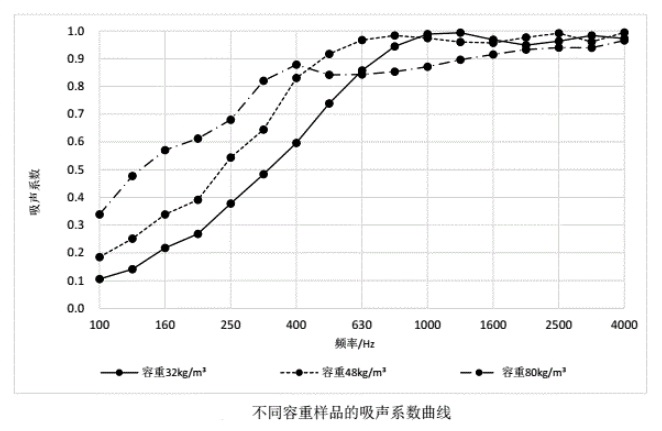 玻璃棉板的容重与吸声系数的关系 玻璃棉板的容重与吸声系数的关系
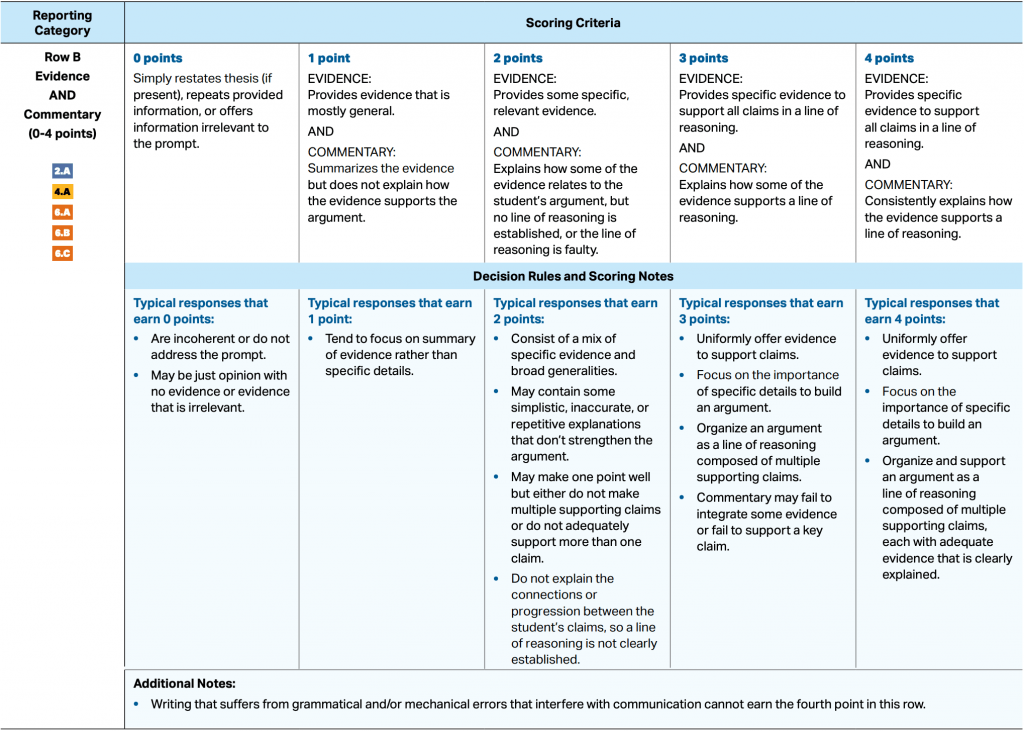 AP® Lang Argument Rubric - Argument Evidence and Commentary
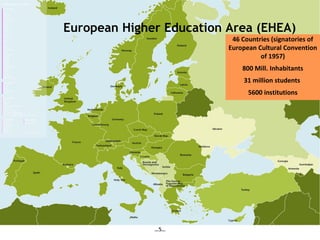 …5…
European Higher Education Area (EHEA)
46 Countries (signatories of
European Cultural Convention
of 1957)
800 Mill. Inhabitants
31 million students
5600 institutions
 
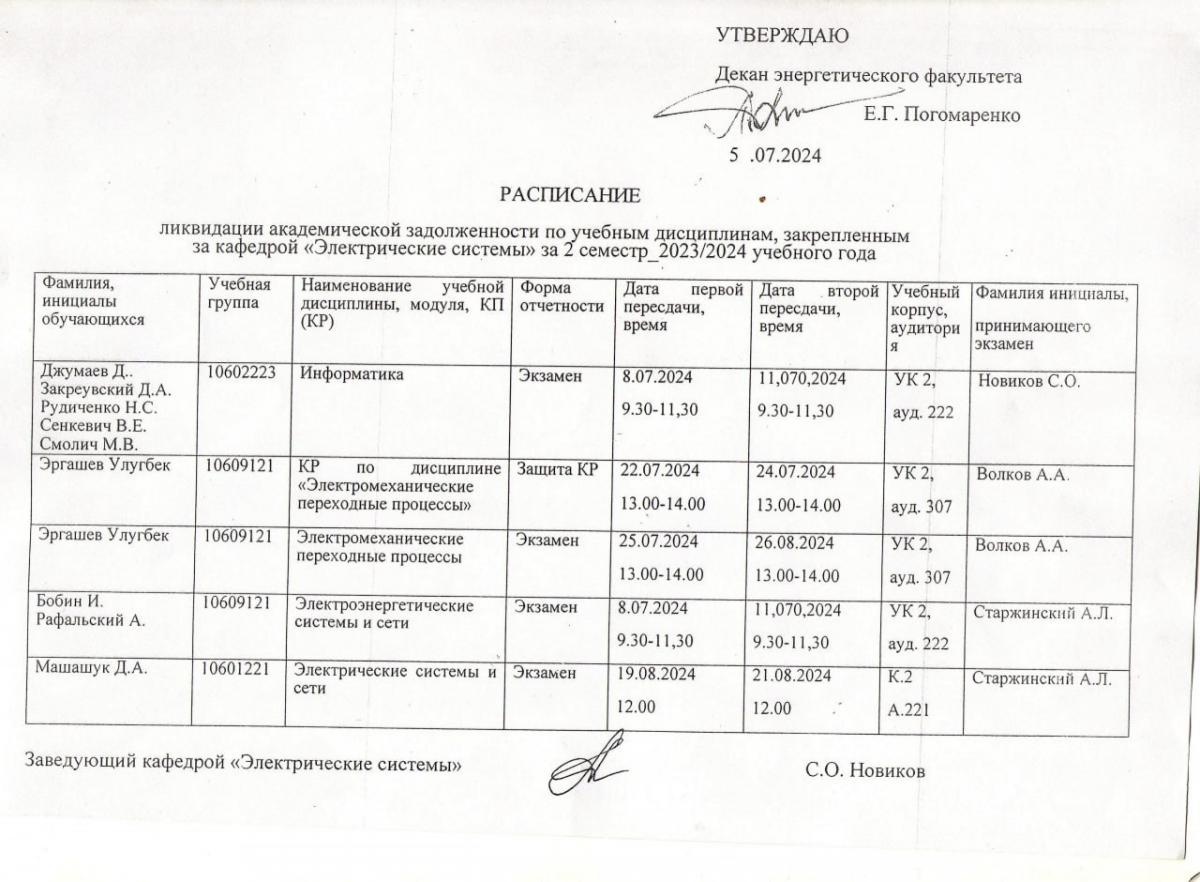 График ликвидации академической задолженности – Энергетический ...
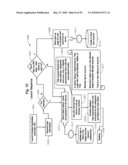 Machine, Program Product, And Computer-Implemented Method For File Management, Storage, And Display diagram and image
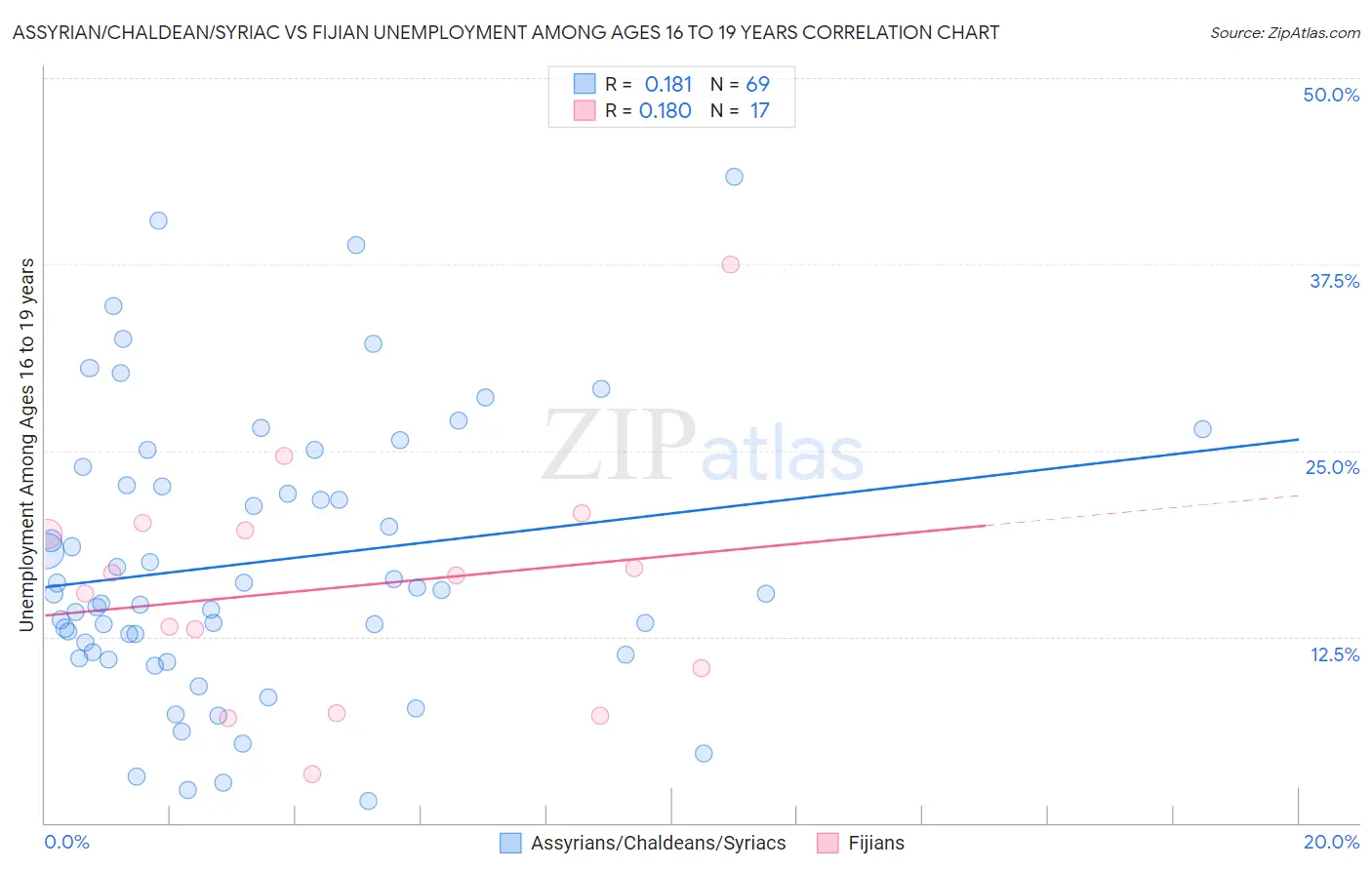 Assyrian/Chaldean/Syriac vs Fijian Unemployment Among Ages 16 to 19 years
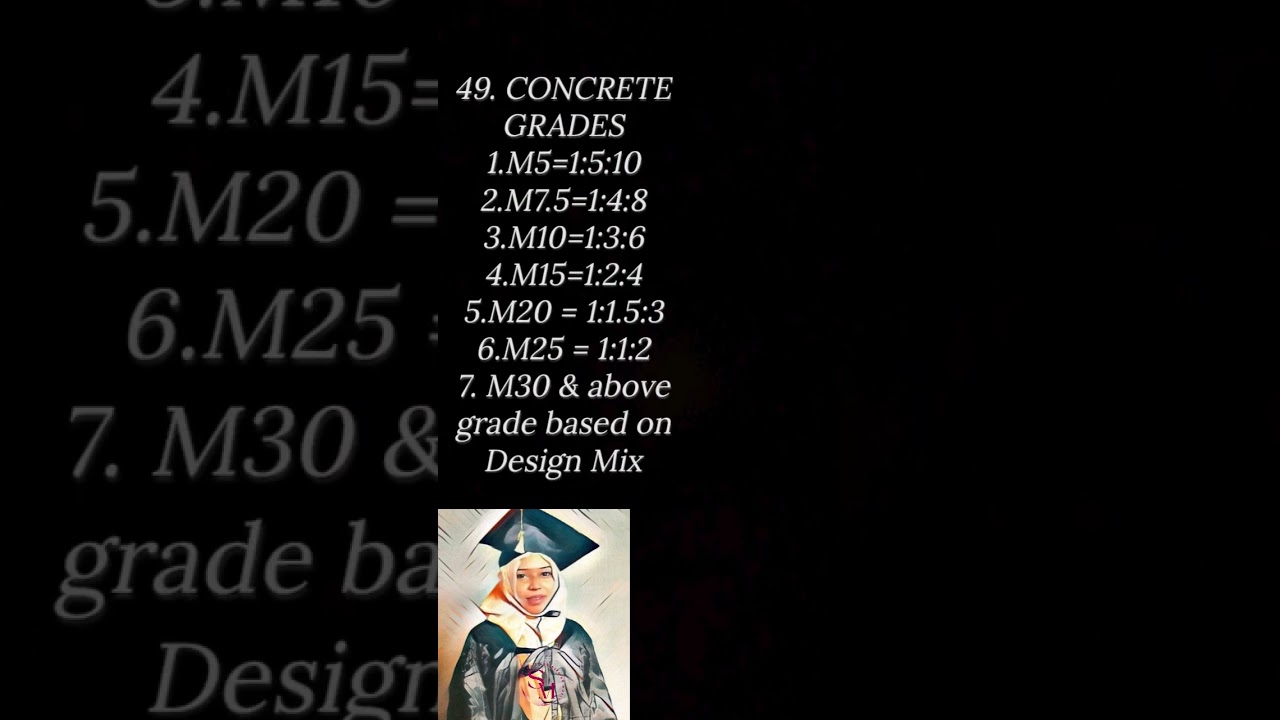 Basics of civil engineering -Part 10 #basicsofcivilengineering #cement #cementmix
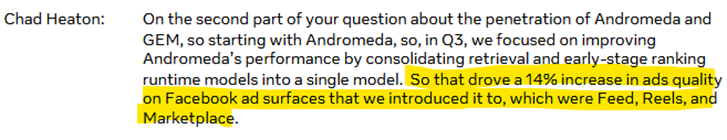 Text of Chad Heaton’s comment from Meta results call. Highlighted is “So that drove a 14% increase in ads quality on Facebook ad surfaces that we introduced to it, which were Feed, Reels, and Marketplace”.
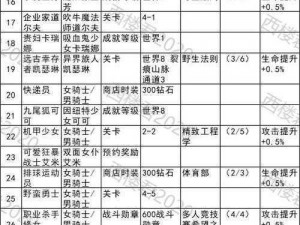 坎公骑冠剑水晶侵略者：犯罪任务的精准攻略与实战技巧揭秘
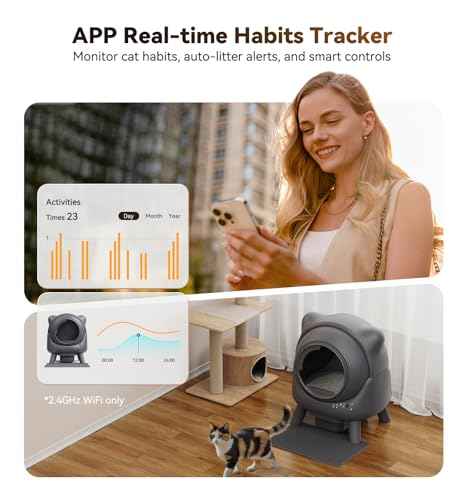 Automatic Litter Box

::::::

Write down how many lines of the data above contain the string "European", and include nothing besides that number.

2